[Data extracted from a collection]
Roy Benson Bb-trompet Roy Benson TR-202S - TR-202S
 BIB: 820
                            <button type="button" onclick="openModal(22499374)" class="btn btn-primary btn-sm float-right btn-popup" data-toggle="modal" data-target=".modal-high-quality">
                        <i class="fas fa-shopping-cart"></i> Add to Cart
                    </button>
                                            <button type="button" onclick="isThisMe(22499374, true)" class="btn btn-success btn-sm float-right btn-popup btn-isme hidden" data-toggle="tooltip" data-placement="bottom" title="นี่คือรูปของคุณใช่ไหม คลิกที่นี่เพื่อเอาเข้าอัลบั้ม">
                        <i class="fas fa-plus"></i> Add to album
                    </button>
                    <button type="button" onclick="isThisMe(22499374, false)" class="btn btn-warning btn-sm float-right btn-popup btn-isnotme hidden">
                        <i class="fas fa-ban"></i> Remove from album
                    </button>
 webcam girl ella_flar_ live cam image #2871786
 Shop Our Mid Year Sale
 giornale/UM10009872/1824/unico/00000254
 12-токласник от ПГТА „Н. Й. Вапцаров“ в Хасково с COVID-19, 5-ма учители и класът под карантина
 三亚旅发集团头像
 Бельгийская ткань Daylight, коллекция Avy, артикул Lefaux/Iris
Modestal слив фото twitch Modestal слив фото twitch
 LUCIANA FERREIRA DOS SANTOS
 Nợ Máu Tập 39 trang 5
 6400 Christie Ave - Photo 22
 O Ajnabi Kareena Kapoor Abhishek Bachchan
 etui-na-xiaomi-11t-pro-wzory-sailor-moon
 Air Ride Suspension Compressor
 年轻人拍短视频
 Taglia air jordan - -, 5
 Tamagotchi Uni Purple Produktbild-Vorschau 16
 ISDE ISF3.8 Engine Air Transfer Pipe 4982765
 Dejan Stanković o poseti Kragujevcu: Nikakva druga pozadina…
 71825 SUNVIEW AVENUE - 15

Exercise requirements: Return the lines from the line containing "Taglia air jordan - -, 5" to the end of the entries above, exactly as they appear and with no other output.

Result of this task:
 Taglia air jordan - -, 5
 Tamagotchi Uni Purple Produktbild-Vorschau 16
 ISDE ISF3.8 Engine Air Transfer Pipe 4982765
 Dejan Stanković o poseti Kragujevcu: Nikakva druga pozadina…
 71825 SUNVIEW AVENUE - 15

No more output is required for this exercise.